▸ The problem
Skip the pictures. Output only the lines below starting at the line with "Porte-clés Fleur Hawaii" and ending at the line with "INSPECTOR MONTALBANO COLLECTION NINE DVD", both ends included, exactly as they are.

▸ Records
■ ■ ■
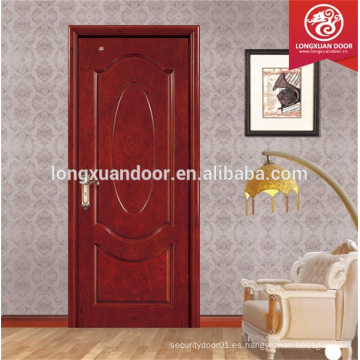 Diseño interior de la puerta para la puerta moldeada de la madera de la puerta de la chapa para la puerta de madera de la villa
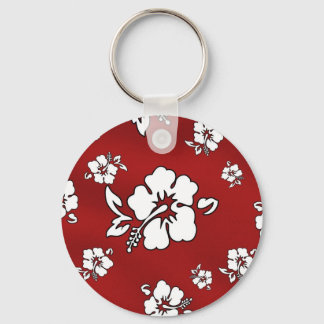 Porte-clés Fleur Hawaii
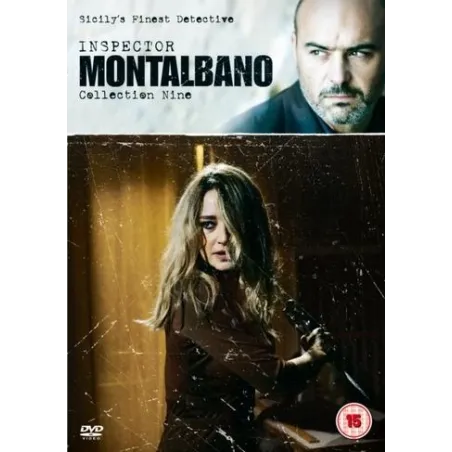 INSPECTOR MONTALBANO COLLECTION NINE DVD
■ ■ ■
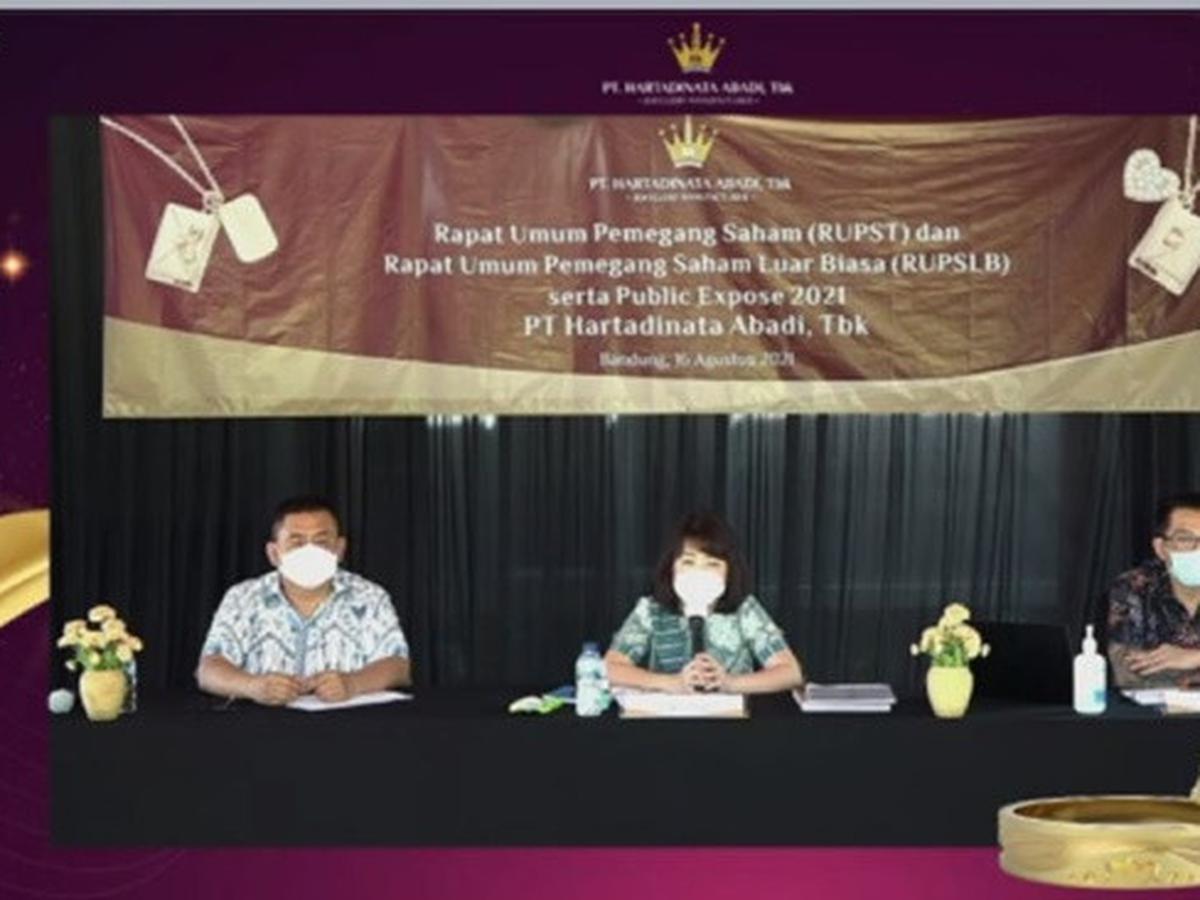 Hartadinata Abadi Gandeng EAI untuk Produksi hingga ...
■ ■ ■
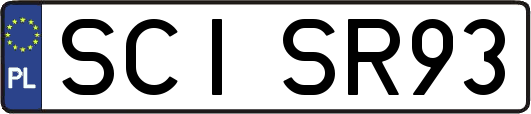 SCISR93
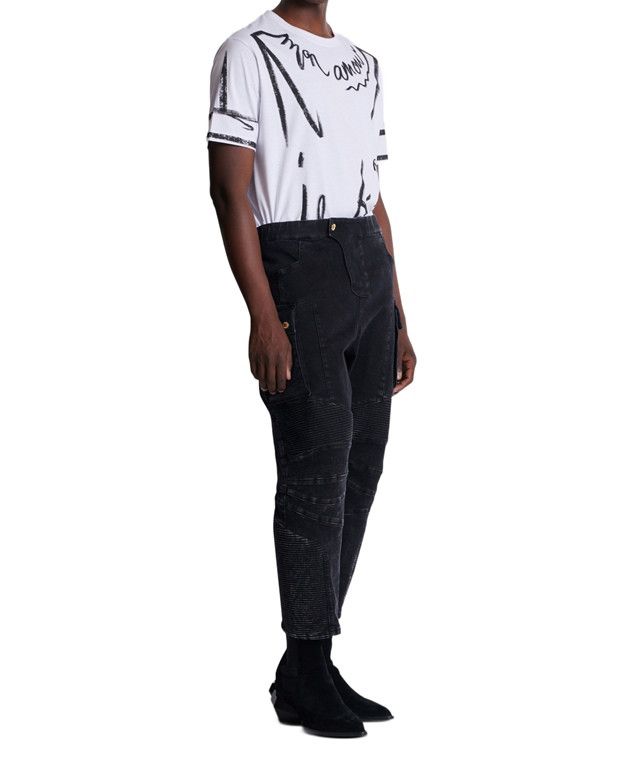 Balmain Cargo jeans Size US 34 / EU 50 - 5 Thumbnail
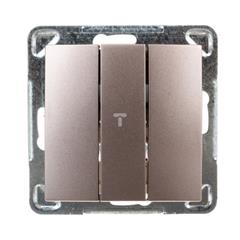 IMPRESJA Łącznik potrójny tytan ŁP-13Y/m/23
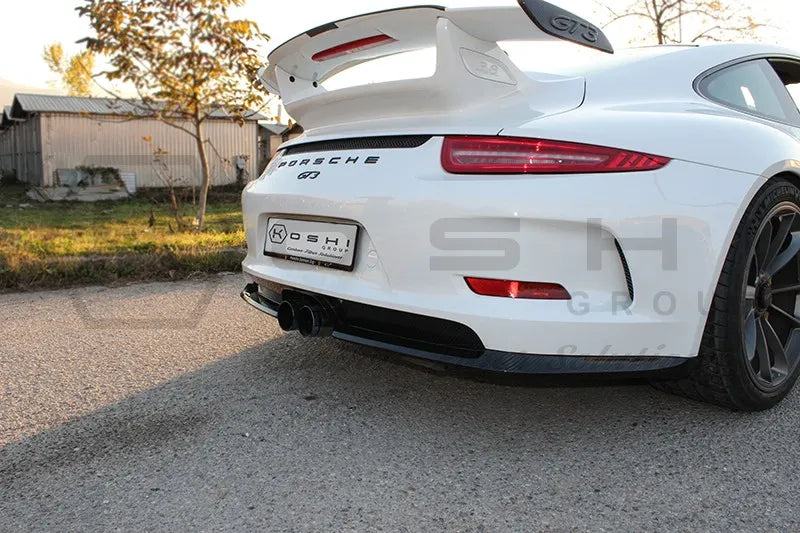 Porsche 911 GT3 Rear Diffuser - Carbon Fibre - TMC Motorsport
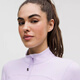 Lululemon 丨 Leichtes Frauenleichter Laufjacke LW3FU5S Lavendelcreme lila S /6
■ ■ ■
▸ Answer
 Porte-clés Fleur Hawaii
 INSPECTOR MONTALBANO COLLECTION NINE DVD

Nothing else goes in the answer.